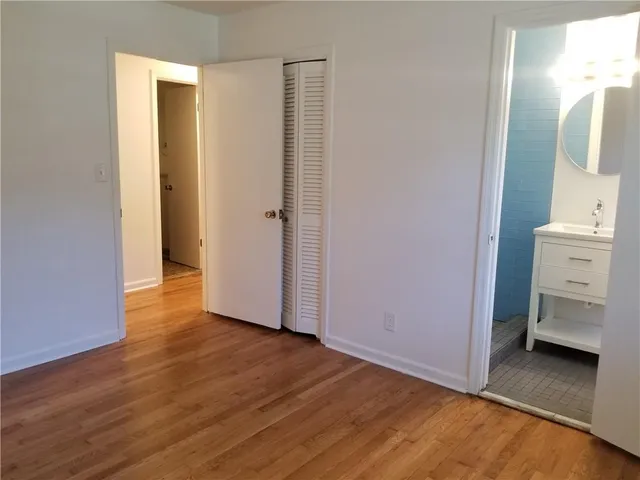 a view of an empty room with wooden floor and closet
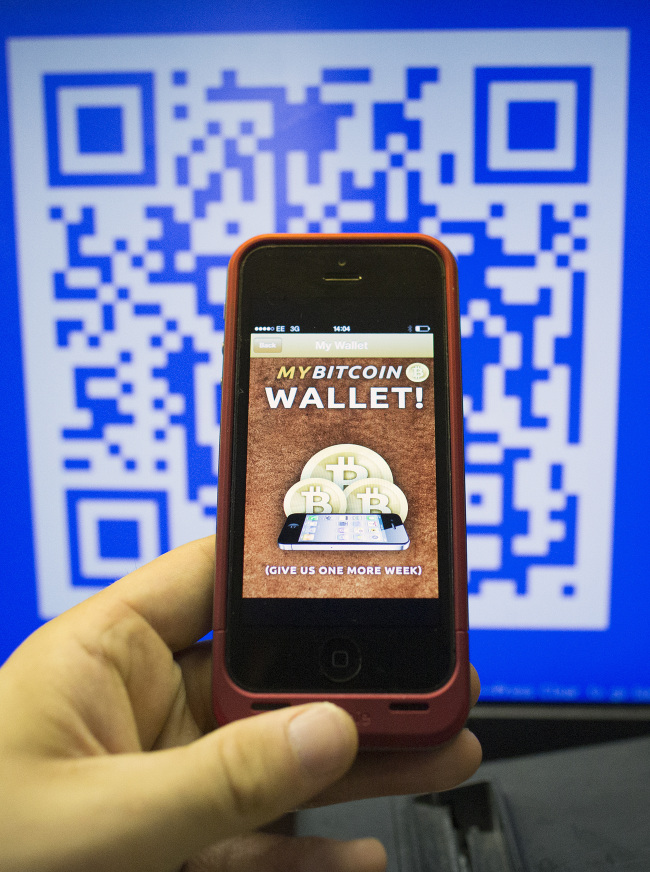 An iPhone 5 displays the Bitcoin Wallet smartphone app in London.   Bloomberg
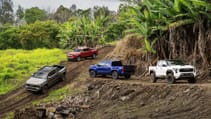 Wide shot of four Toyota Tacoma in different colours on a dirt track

──────

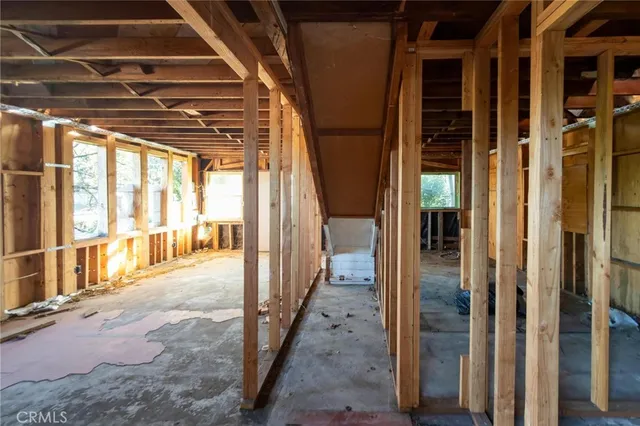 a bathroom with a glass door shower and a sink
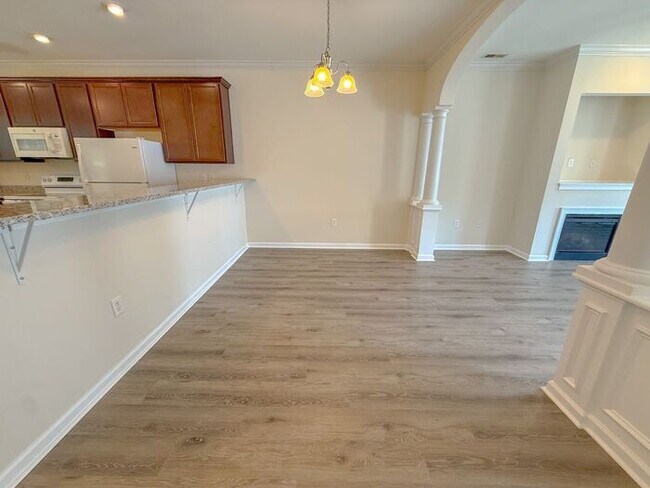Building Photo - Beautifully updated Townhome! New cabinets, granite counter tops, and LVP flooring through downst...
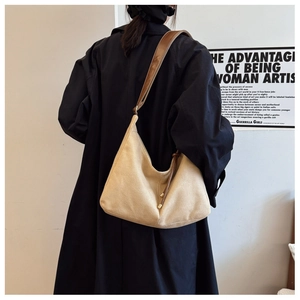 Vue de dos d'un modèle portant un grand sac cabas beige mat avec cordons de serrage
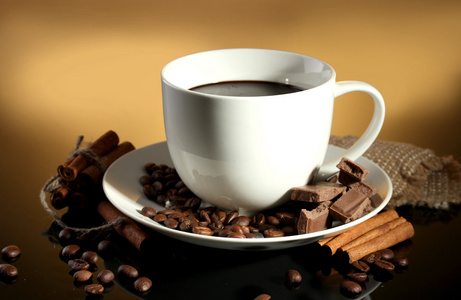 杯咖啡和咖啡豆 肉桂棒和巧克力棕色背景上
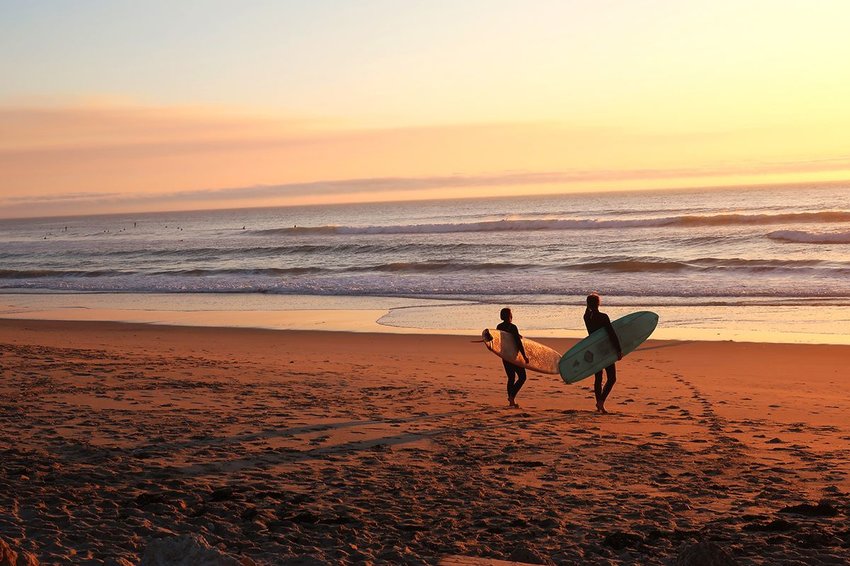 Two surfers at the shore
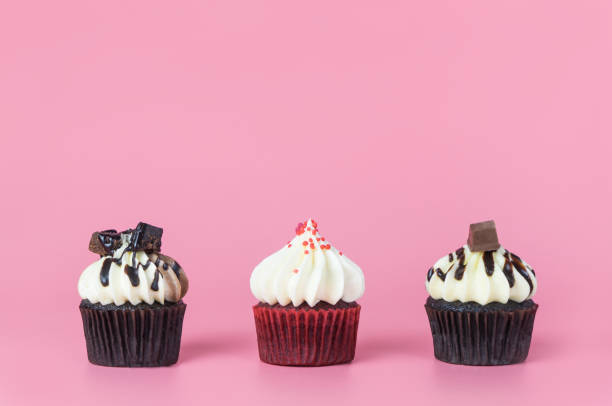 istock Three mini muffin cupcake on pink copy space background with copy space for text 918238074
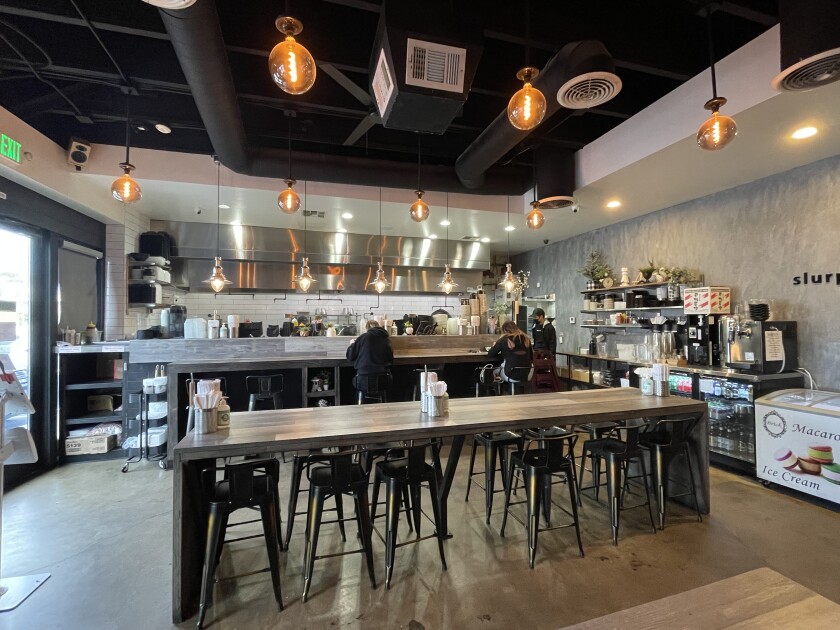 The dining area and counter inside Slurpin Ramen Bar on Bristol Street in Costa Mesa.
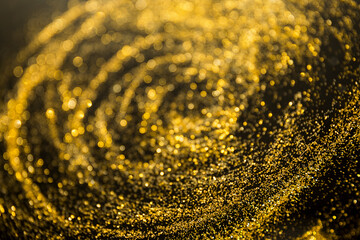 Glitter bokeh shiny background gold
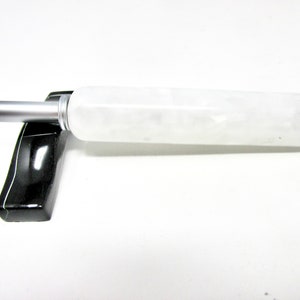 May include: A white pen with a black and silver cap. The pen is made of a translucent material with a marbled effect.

──────

— ASSIGNMENT —
The lines to set down run from the line with "a view of an" up to and including the line with "Wide shot of" in the entries above. Reproduce them exactly, with no pictures.

— EXPECTED ANSWER —
 a view of an empty room with wooden floor and closet
 An iPhone 5 displays the Bitcoin Wallet smartphone app in London.   Bloomberg
 Wide shot of four Toyota Tacoma in different colours on a dirt track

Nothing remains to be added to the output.